Though traditional tobacco use may be on the decline, Alaniz said she sees a new threat, particularly among young people: e-cigarettes and vapes. The Wisconsin Department of Health Services found 20 percent of high schoolers in the state currently use e-cigarettes, a rate four times higher than for conventional cigarettes. More than one-third of high schoolers reported having ever used an e-cigarette.
While WWHF does not directly go after the e-cigarette problem at the source, Alaniz said they are allied with those who do.
“We work with a lot of the tobacco coalitions throughout the state who are really pushing for taxation of those products and also to make sure you have to be 18 to purchase them,” she said. “The youth right now are the pregnant women in about 10 years so that’s something that we really support.”
Though vapes do not contain the cancer-causing materials cigarettes do, they still pose major health threats to the user as well to a developing fetus whose mother is using them.
“E-cigarettes, vaping, Juuling, all of these things contain nicotine which is very harmful for a developing fetus,” Alaniz said. “We just try to play it safe throughout our program and encourage women not to use those products.”
She specified the danger lies in the unknown effects of many chemicals present in vapes, especially on babies still in the womb.
For now, the First Breath program is focused on curbing conventional cigarette use, the effects of which are well known and proven. In addition to the problems it can pose to children inside the womb, exposure to second and thirdhand smoke can have lasting health effects on children like breathing and sleep issues, learning and attention issues, an increased chance of sudden infant death syndrome and a higher likelihood of children one-day becoming smokers themselves.

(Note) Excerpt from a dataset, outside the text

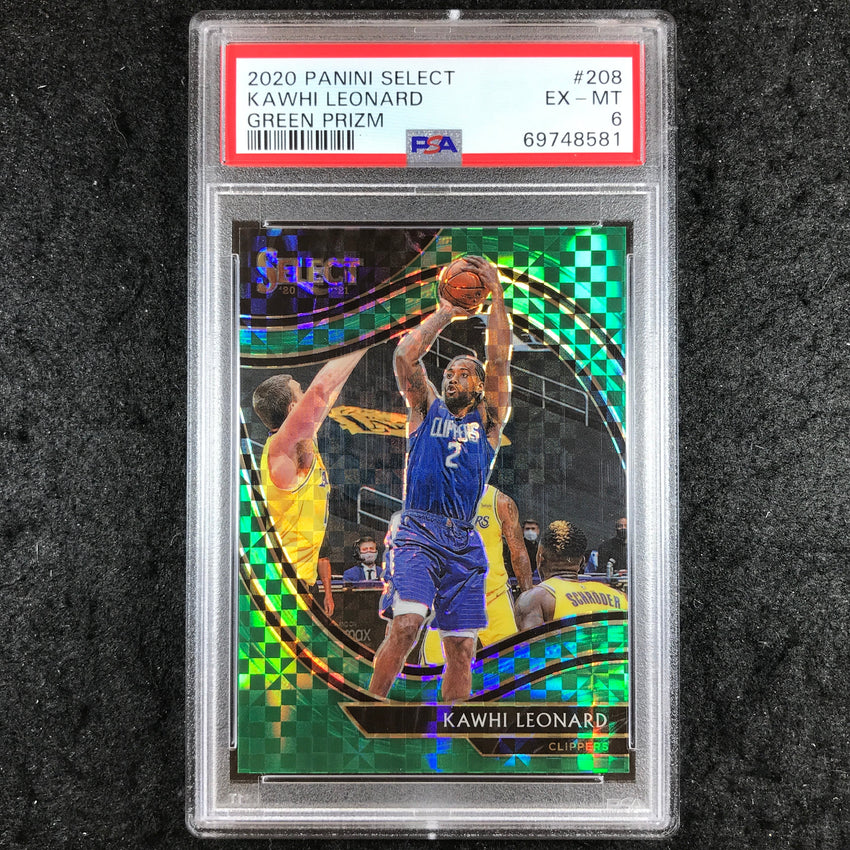 2020 Panini Select KAWHI LEONARD Courtside Green Prizm 5/5 #208 PSA 6 (581)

The program is free for new and expecting mothers, mostly due to funds from the Department of Health Services, but also in part from various research grants, including one from UW-Madison.
Although Alaniz is working to eliminate maternal smoking in Wisconsin, she hopes people will not look down on those who struggle with nicotine addiction.
“When it comes to tobacco use among pregnant women, there tends to be a lot of judgment,” Alaniz said. “I would just challenge people to think about nicotine addiction in a different way. It’s one of the most powerful addictions that is out there and there is a lot of social and psychological addiction that goes with it.”